╔══
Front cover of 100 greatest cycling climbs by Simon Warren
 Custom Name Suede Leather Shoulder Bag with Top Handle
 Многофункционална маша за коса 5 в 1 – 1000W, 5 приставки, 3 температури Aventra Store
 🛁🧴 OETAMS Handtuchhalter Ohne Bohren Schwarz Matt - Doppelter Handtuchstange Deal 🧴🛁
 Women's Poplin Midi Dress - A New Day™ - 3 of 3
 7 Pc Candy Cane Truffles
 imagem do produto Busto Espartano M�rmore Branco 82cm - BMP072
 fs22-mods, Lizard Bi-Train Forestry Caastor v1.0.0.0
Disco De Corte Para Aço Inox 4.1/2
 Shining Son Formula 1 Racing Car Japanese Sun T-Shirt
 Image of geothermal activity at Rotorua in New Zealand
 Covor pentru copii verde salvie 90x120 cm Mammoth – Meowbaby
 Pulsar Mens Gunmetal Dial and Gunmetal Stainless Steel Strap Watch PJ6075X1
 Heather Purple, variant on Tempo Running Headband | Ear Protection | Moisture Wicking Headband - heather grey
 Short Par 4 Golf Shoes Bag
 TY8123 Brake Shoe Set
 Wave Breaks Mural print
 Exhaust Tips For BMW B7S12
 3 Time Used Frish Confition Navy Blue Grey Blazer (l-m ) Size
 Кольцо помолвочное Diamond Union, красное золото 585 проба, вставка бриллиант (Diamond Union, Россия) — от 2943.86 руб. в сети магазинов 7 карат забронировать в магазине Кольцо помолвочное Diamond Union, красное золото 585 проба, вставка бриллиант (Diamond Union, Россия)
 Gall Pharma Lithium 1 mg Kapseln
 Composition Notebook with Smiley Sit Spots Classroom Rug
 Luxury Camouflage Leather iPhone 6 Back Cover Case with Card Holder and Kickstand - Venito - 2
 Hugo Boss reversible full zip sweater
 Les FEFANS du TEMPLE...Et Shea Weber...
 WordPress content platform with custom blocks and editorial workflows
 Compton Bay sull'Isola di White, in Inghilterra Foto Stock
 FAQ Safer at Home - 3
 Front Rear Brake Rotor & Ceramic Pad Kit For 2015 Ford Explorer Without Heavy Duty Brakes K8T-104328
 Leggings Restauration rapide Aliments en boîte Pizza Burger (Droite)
╚══
» **TASK DETAILS**
Take from the listing every line in which the word "Leather" appears.

» **THE ANSWER**
 Custom Name Suede Leather Shoulder Bag with Top Handle
 Luxury Camouflage Leather iPhone 6 Back Cover Case with Card Holder and Kickstand - Venito - 2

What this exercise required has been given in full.